We are working on bidding a large regional softball tournament with 50-60 teams in July which should mean 1500-1800 people in attendance.

In figuring my quote I am using a base point of 600 shirts with the following cost going into pricing: production cost (tee, printing cost), labor for both production & event staffing, credit card fees, spoilage (left overs), motorhome rental (July in Texas can be brutal).

Now for my questions:

1) What should I offer the league for commission? Initial thought is 15%.

2) Am I missing any cost other than what to pay the league in the above items?

3) Is $ 20.00 per tee with full color prints on both sides reasonable? 

Any thoughts/suggestions in calculating this bid will be greatly appreciated.

Thanks
Larry


----------



## BidGuru (Aug 26, 2007)

Larry,
A good start in getting the costs.
But there are more questions.
50-60 teams, each with a different design on one or both sides?
Or the same design on all shirts?
that is either 10 screens to do the work or 50 screens, or more!

Individual Names and or numbers?

when you say full color, are you doing 4 color process, or lots of spot colors?
If you don't know how many people will buy the shirts, you might consider doing iron-ons, and press them there.
that way you can buy extra shirts, and return them after the event.
A good iron-on image and a good press, will look great.


You can take the cost of the shirts X a reasonable markup, 15% to 20% markup
Plus the hours to print X hourly rate
Plus the hours to layout X hourly rate
Plus overhead
Plus commission (paid to the salesperson OR yourself)
Plus ink and screen costs.

Good luck getting the job, sounds great.
Steve


----------



## lkt1954 (Nov 15, 2009)

Steve

Two designs on 2 different shirts. Tournament logo on the front and listing of all teams on the back. There will be 5-6 colors on the front and up to 4 on the back. We will either use transfers or dtg (havent decided yet).

My main concern is what to offer the league as a commission for having the booth.

Thanks
Larry


----------



## royster13 (Aug 14, 2007)

15% to 20% to the host is not out of line.....

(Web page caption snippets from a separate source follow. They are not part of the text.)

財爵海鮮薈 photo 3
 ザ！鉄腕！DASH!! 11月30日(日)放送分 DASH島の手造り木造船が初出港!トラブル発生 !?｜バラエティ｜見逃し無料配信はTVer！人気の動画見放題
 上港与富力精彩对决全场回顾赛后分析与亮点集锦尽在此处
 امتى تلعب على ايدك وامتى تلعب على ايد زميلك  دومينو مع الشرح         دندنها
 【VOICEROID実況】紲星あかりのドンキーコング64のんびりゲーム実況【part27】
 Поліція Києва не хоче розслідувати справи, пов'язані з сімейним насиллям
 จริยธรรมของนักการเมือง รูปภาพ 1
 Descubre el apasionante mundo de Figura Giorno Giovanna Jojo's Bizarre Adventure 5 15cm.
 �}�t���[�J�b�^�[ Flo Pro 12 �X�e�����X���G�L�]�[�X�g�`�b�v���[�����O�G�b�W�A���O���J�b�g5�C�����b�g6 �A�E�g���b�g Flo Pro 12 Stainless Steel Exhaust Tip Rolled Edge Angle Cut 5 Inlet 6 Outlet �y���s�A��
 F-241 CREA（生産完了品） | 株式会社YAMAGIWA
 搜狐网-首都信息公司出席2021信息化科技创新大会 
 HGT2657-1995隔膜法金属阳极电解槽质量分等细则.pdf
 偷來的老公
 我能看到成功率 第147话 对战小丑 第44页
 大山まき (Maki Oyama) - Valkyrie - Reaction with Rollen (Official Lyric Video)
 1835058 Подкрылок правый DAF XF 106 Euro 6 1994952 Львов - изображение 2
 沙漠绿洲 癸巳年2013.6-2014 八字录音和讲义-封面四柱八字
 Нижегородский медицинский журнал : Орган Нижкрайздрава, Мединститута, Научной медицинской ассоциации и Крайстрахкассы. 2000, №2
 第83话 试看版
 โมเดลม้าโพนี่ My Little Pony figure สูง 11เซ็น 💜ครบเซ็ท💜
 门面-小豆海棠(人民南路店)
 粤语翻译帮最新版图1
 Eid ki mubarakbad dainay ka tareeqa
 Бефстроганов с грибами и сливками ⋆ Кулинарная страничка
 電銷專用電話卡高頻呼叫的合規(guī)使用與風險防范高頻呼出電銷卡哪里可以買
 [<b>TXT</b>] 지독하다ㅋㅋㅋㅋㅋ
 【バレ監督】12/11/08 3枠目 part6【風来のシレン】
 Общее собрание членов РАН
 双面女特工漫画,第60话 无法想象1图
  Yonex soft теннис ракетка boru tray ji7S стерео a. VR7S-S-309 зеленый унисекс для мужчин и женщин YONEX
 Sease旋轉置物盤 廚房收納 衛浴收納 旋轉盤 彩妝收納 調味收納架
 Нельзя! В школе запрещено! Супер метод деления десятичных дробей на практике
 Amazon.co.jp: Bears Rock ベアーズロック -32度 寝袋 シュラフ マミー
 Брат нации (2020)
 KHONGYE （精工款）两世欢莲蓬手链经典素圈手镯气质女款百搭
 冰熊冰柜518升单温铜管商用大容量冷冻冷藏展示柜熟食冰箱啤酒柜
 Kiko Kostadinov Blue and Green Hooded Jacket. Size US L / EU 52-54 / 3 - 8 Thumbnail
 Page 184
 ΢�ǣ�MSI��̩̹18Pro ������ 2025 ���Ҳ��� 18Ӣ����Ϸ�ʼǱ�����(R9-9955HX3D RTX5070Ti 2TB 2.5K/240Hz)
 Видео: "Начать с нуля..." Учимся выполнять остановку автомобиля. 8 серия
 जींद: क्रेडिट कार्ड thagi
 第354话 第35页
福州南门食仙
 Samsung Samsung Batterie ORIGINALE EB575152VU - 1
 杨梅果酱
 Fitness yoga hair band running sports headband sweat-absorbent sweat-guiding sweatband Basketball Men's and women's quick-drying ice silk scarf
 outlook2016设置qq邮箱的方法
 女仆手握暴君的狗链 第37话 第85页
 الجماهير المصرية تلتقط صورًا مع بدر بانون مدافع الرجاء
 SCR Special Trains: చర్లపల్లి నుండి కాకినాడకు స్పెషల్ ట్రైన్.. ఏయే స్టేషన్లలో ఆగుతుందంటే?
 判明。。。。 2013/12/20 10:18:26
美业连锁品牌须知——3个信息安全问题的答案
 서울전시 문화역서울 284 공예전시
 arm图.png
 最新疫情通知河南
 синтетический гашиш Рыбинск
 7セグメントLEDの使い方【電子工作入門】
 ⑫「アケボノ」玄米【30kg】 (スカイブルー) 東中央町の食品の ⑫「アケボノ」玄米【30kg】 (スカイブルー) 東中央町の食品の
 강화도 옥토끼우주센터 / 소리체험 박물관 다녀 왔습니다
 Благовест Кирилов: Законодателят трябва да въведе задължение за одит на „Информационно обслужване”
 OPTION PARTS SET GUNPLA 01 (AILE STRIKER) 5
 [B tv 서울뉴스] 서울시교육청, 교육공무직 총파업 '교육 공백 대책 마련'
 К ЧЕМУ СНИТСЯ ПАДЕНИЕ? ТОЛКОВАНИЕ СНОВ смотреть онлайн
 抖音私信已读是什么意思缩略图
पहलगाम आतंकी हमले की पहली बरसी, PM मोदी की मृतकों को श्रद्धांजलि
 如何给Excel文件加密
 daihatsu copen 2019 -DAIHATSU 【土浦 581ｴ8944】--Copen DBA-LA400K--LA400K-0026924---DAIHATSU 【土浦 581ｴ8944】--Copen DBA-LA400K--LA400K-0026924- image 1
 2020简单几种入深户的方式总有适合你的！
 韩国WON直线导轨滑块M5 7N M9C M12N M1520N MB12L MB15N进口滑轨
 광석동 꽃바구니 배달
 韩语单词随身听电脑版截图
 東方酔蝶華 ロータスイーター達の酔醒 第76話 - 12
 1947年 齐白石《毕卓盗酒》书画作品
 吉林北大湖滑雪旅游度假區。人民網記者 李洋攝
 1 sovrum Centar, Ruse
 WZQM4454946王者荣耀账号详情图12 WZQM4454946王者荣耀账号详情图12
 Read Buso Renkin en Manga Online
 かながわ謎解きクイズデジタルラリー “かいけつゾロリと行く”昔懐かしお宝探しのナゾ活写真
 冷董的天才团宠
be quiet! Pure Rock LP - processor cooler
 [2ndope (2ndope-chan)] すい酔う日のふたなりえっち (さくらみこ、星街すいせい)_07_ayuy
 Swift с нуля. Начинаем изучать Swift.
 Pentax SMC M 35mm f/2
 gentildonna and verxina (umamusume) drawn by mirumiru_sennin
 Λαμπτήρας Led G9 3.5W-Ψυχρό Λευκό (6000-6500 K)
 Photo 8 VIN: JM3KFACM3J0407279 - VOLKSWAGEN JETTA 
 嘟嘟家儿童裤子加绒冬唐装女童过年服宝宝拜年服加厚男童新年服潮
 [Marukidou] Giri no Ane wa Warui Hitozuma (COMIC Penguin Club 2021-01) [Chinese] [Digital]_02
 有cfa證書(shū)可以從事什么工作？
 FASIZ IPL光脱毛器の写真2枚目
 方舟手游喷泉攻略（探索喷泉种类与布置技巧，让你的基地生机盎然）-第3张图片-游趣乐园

But who are you bidding for?....Are they going to order 600+ shirts or do you need to tell them what you will sell shirts for? Sometimes competition for events like this is "silly" and shirts sell for 10.00 or less....What kind of history does the event have as far as previous sellers?


----------



## lkt1954 (Nov 15, 2009)

Royce- I just noticed I used the word bidding, we are not bidding we have the job. My initial thought is to run 600 shirts as stock if you will and then fill-in as needed. We are looking at dtg and transfers as options (we own a neoflex and have a source for having them printed on a aeeon).

I agree 15-20% is not out of line. I am thinking $ 20.00 per shirt and this is a regional tournament that is hosted by one of 6 states every year, so I am not sure of the history but will see what I can find out.

Thanks


----------